Home Cooking: Alison Roman’s Spiced Chickpea Stew with Coconut and Turmeric

The COVID-19 lockdown is a perfect opportunity to try out all the recipes that I’ve been printing out and then putting to one side! I have quite a collection.

Some have already proven to be failures (for me, at least). I was so concerned that the ribs wouldn’t be cooked long enough in Roy Choi’s Braised Short-Rib Stew (which weirdly, as of March 2020, isn’t behind it’s usual NYT pay firewall), that while I managed to cook the ribs a long time (and they were delicious), I absent-mindedly chucked in the rest of the ingredients way too early.

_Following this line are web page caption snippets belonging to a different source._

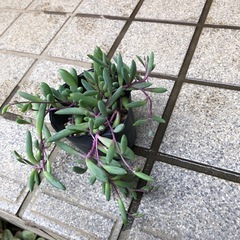 多肉植物🌿ルビーネックレスの画像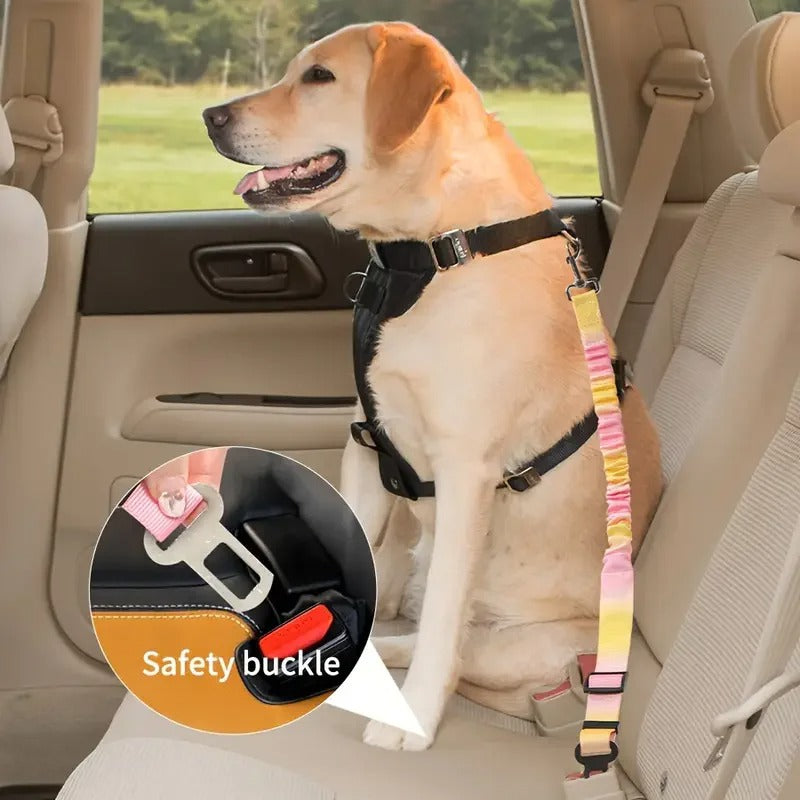 Daytrip Safety Strap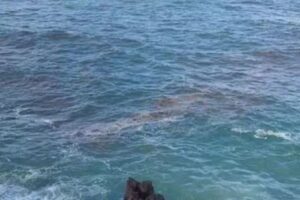 Leia mais sobre o artigo IBAMA acompanha manchas no litoral do Rio Grande do Norte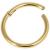 1.6mm Gauge Hinged PVD Gold Steel Smooth Segment Ring - view 1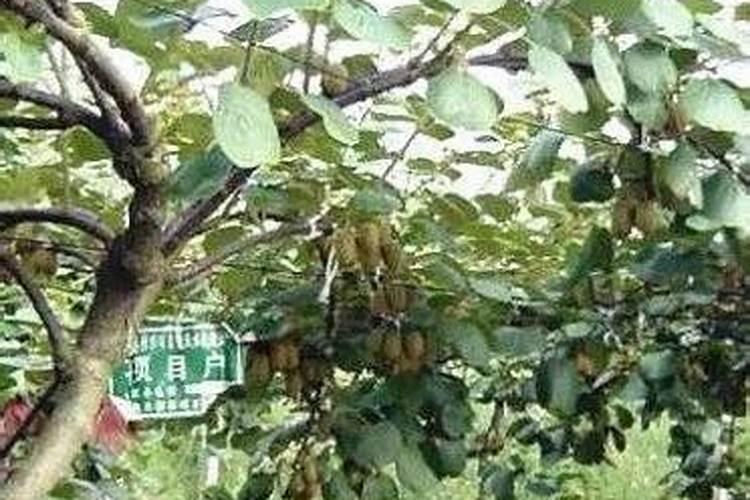 猕猴桃用什么肥料好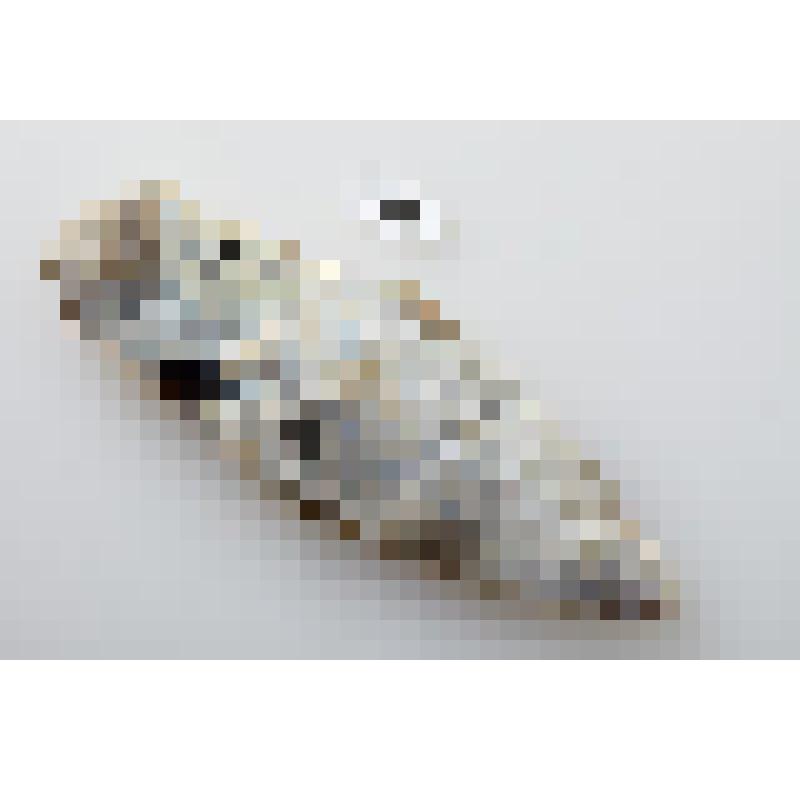 Наконечник копья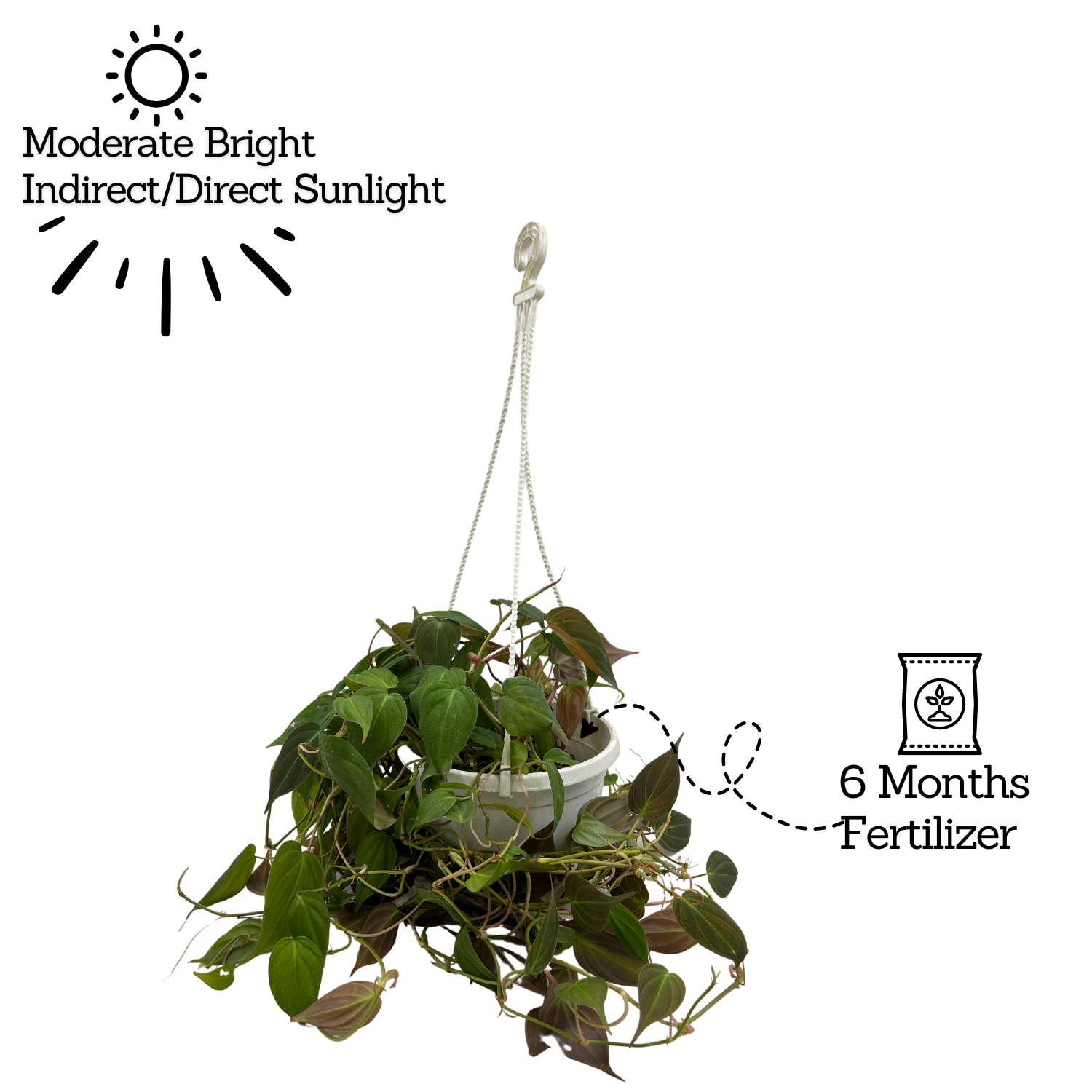Philodendron Micans Oxycardium Plant With Hanging Pot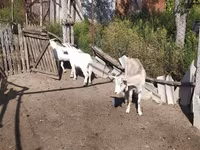 Dişi keçi, LaMancha goats — foto 4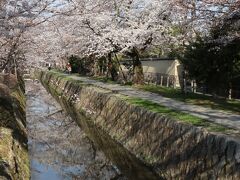 哲学の道から巡ります。
銀閣寺と熊野若王子神社の間を結ぶ約2kmに渡る散歩道、桜の名所としても有名です。

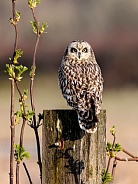 Short Eared Owl--Short Eared Owl Posing
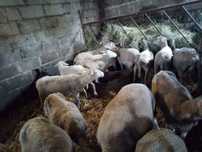 Sprzedam stado owiec 18+1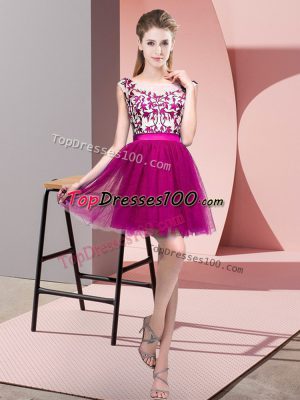 Fancy Bateau Sleeveless Tulle Quinceanera Court of Honor Dress Lace Zipper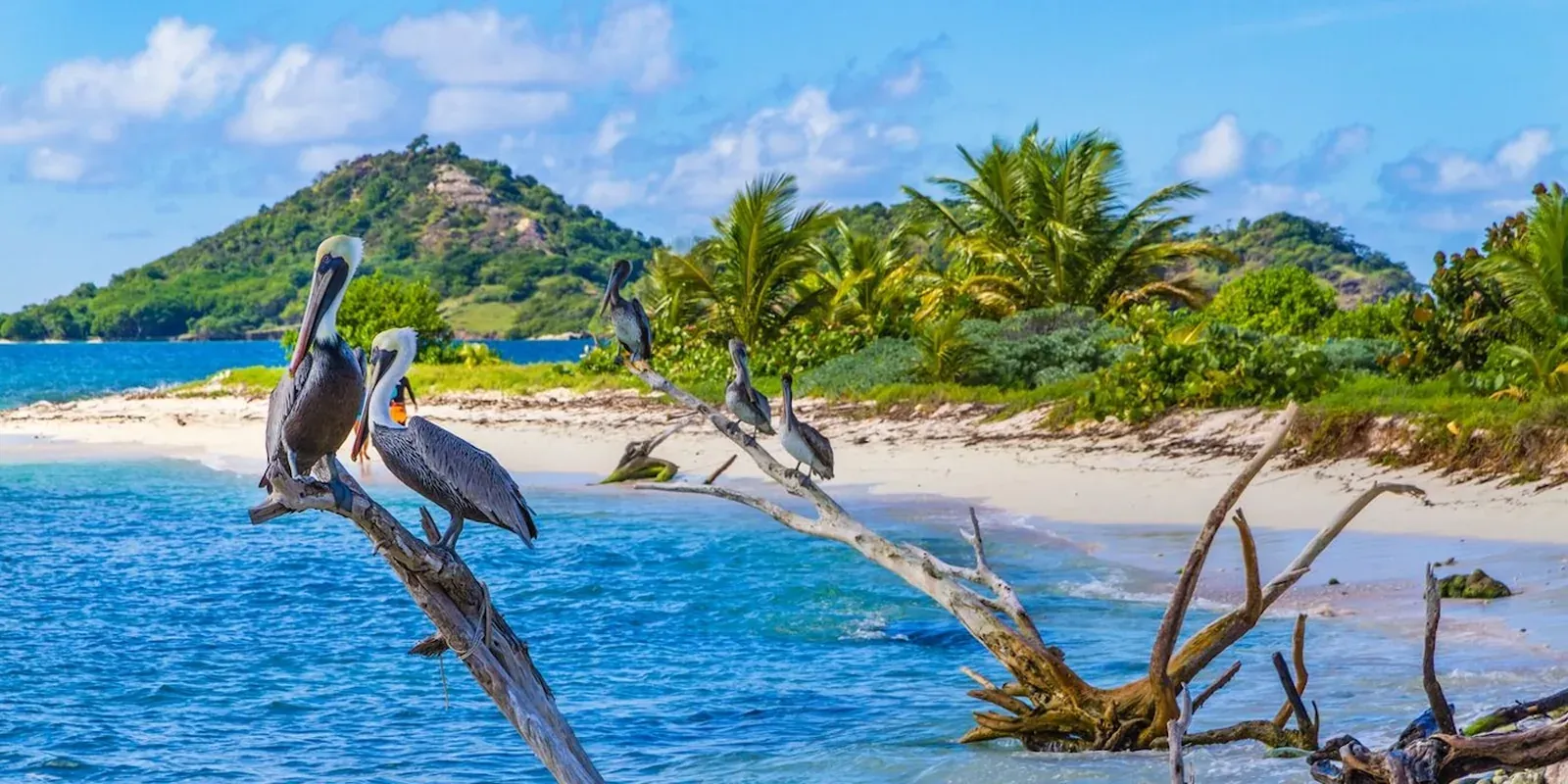 Grenada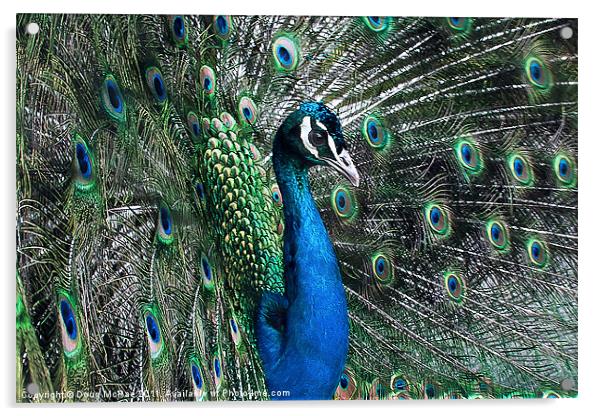 Peacock Acrylic by Doug McRae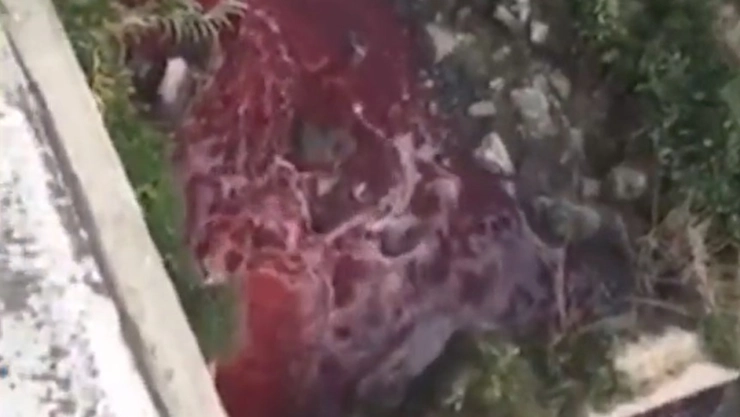 ¿Río de ‘sangre’? Caudal en Atoyac, Puebla, se pinta de rojo y alarma a pobladores; esto se sabe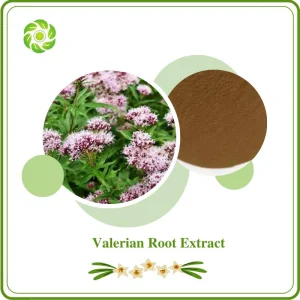 World Well-Being Herbal Extract Valerian Valerian Root 50: 1 Valeric Acid 0.8% Valerian Root Extract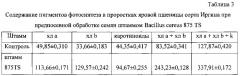 Штамм микроорганизма bacillus cereus 875 ts в качестве средства повышения продуктивности растений (патент 2624032)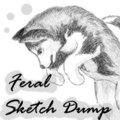 Feral sketch dump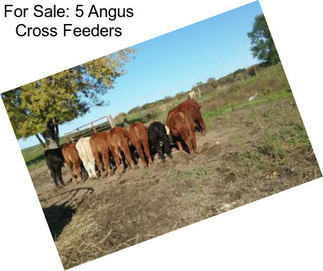 For Sale: 5 Angus Cross Feeders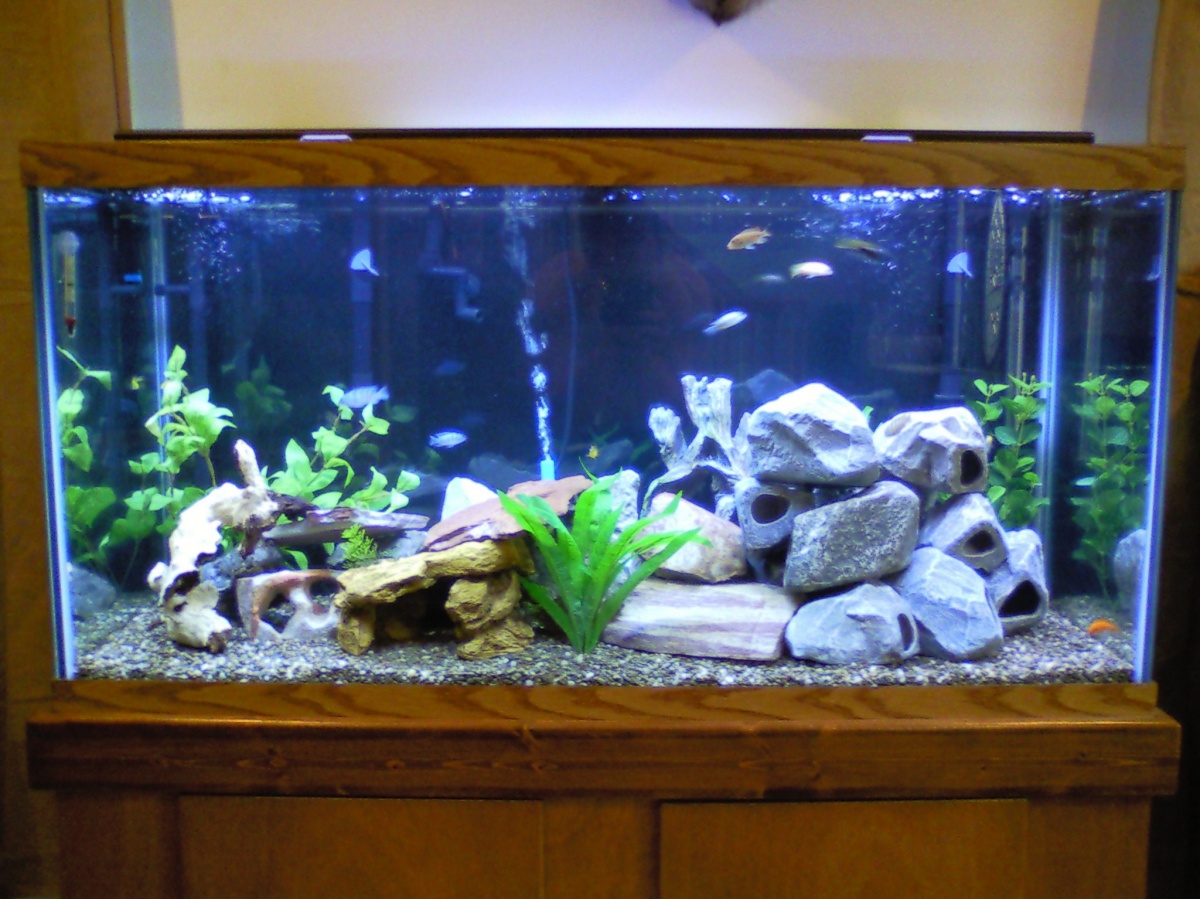Finished 90 gal.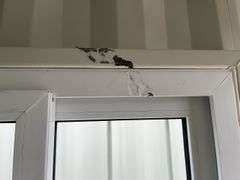 MMS 10’-3’’ container, measures 10’-1” long x 7’-3 1/2” wide x 8’-3” tall, swinging rear doors, Side walk door, sliding window, keyed lock on walk door, wood floor, container CTTN 0002089, Small Paint Scratches, Window Damage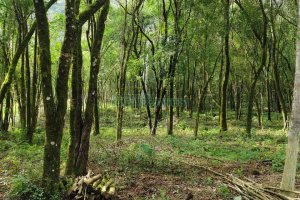 Chácara, no bairro Galópolis em Caxias do Sul para Comprar
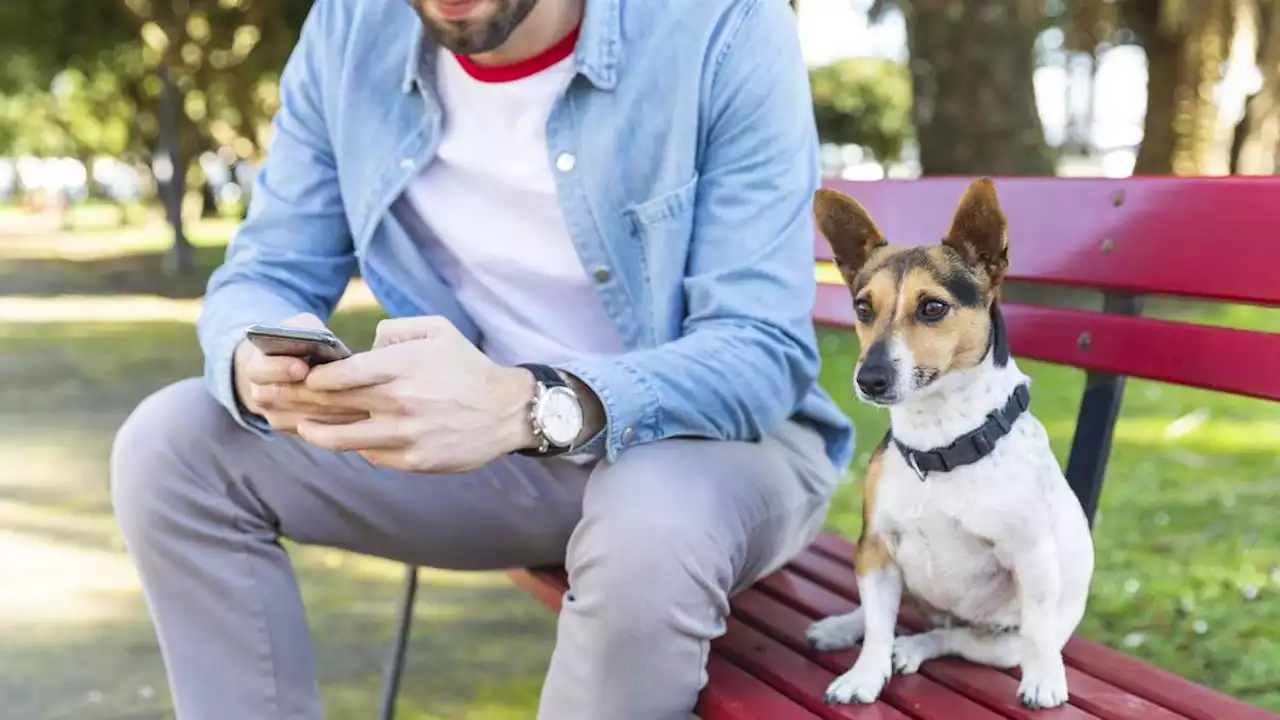 Hund darf nicht auf Parkbank sitzen – Herrchen droht Strafe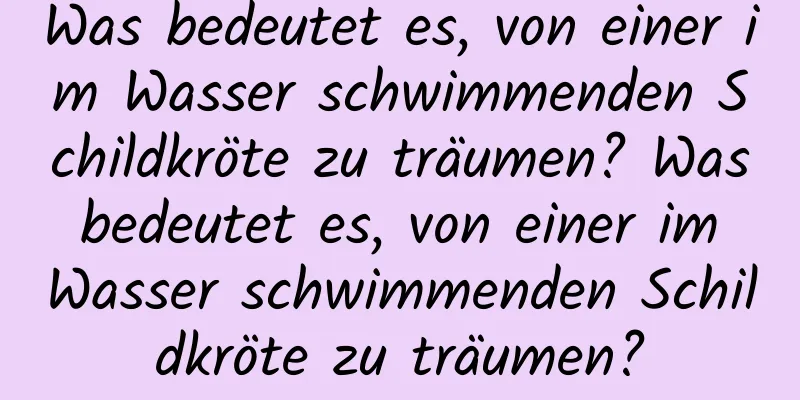 Was bedeutet es, von einer im Wasser schwimmenden Schildkröte zu träumen? Was bedeutet es, von einer im Wasser schwimmenden Schildkröte zu träumen?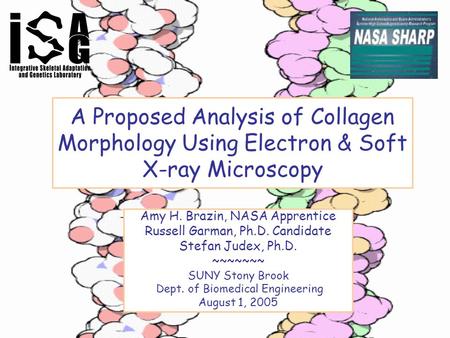 A Proposed Analysis of Collagen Morphology Using Electron & Soft X-ray Microscopy Amy H. Brazin, NASA Apprentice Russell Garman, Ph.D. Candidate Stefan.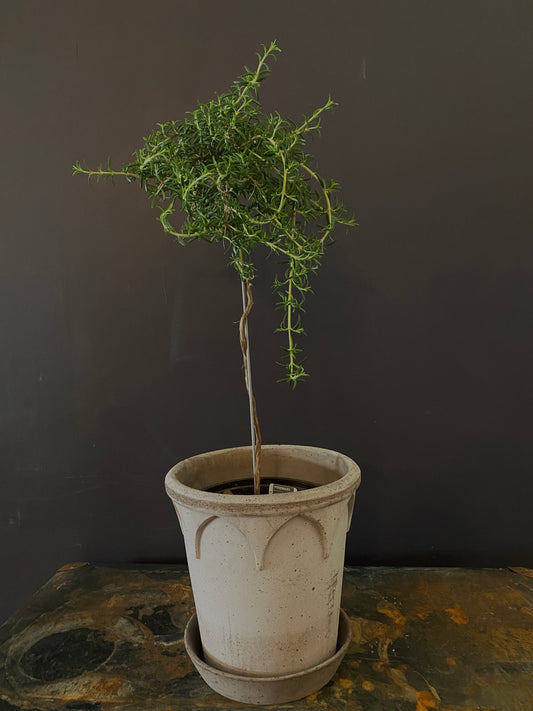 Rosemary Topiary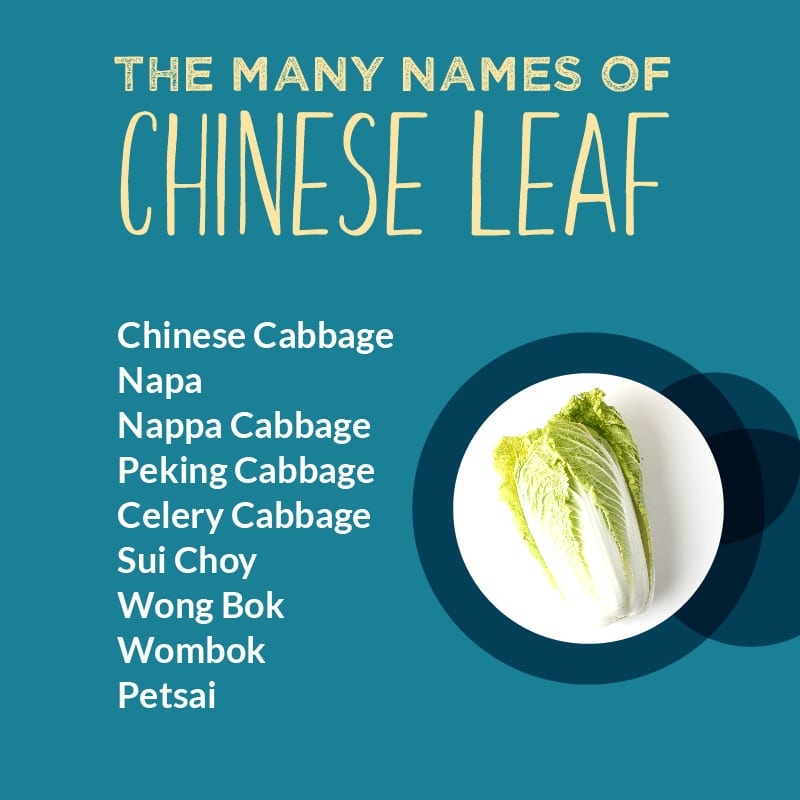 Everything you need to know about Chinese Leaf Gousto Blog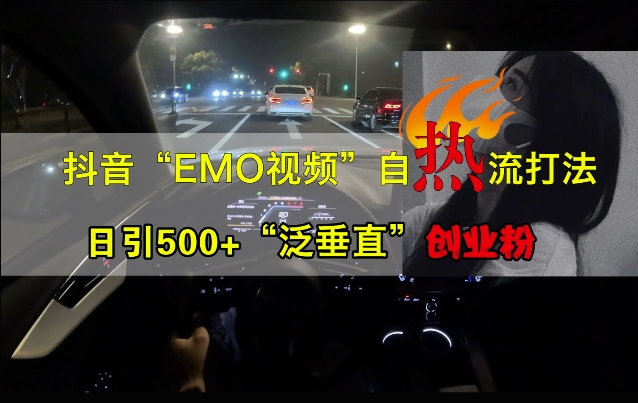 抖音EMO视频自热打法，日引500+“泛垂直”创业粉-小鸿资源库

So, the expensive and somewhat hard to find ingredients (roasted chestnuts, taro, fresh shitake mushrooms) melted down with the pumpkin into a thick gravy and it wasn’t a success.

In contrast, Alison Roman’s Spiced Chickpea Stew with Coconut and Turmeric would have to be my biggest success of the lockdown so far (photo at the top of the post). A columnist for the New York Times and Bon Appétit, she’s a cook and cookbook writer and you can visit her here. Her recipe is up on the New York Times website (and is behind the paywall) but it’s been reproduced in different places on the web, for example, here in the Irish Times, that calls it the chickpea stew that broke the internet.

The spices aren’t complicated (turmeric, ginger, garlic and onions) and neither are the ingredients, but matched with two cans of coconut milk (which are in short supply in Sydney at the moment, I think because of panic buying), and the chickpeas and chard, this stew was magical.

I was especially pleased with rehydrating the dried chickpeas myself in the pressure cooker (and then used the chickpea water with a few stock cubes instead of the water and stock called for in the recipe). Frying the chickpeas until they have a lovely crunchy texture on the outside is magic (I’ve also done this for a chickpea pasta recipe which was great).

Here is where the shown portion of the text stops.